Again, Raje has used the “efficiency” argument to justify this unilateral rewriting of the role of the State. The draft “Policy for Public Private Partnership (PPP) in School Education, 2015” available on the Rajasthan Education website justifies turning over government schools to the private sector because of ostensibly “better learning outcome in private schools despite lower per student expenditure.” Not only is this not true – a 5-year study by the Azim Premji Foundation in Andhra Pradesh concluded, “contrary to general perception, fee-charging private schools are not able to ensure better learning for children from disadvantaged rural sections as compared to government schools” – this is a remarkable admission of failure by the Chief Minister. State run schools and hospitals such as Kendriya Vidyalayas and AIIMS can and do provide excellent service at par with the best private organizations. On the other hand, large numbers of private schools and healthcare providers have been indicted for poor performance and mal-intent. Private health operators have been found conducting unnecessary procedures on unsuspecting patients when the Government is paying. Private schools and hospitals are notorious for sending back students and patients for inability to pay fees. There is no guarantee that this will not happen in case of delays by the Government in transferring money to the private entity in question.
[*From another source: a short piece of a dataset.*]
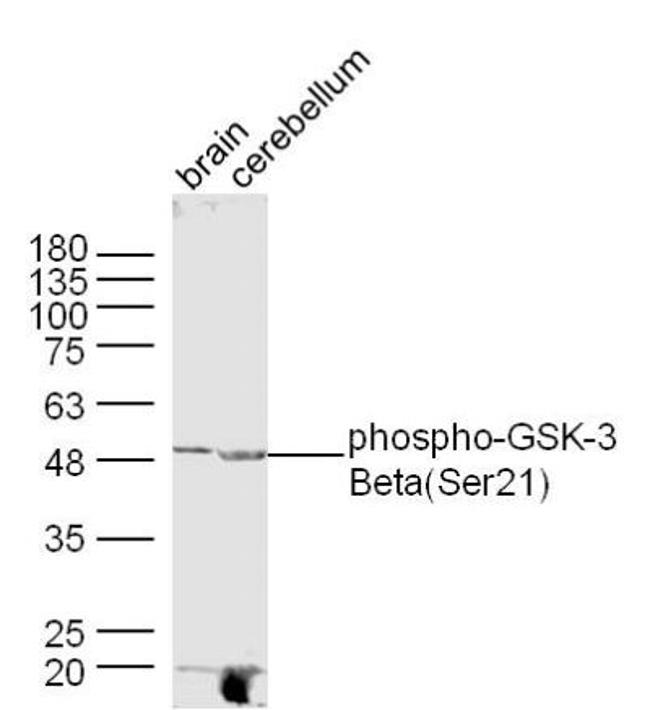 Phospho-GSK-3 Beta (Ser21) Antibody in Western Blot (WB)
There is no question that public health and education sectors need reform; however, that “reform” should become shorthand for deregulation and/or privatization in all cases is reflective of a blinkered and anti-poor mindset. Markets typically fail to provide public goods and what is needed is an expansion of the State not its rollback. When faced with an increasingly exploitative health situation in the state, the Congress Government under Gehlot expanded health security through universal free diagnosis and free medicines, a move that received much commendation from the World Health Organization. On the other hand, the BJP Government in the state has thrown up its hands in despair and decided to outsource core functions of the Government – a mandate it just does not have. Under Raje, the BJP Government of Rajasthan is creating a template for a truly socially and economically right wing State, which is already being emulated by other BJP state governments. In this conception, in addition to the cow protection police outposts and saffronization of education, the social justice imperatives of the state are delegitimized and eliminated as inefficient doles. However, going down this road will fundamentally alter the nature and role of the Indian state as conceived in the Constitution. The last election focused much on individuals; the coming election will have to be fought on the role of the State.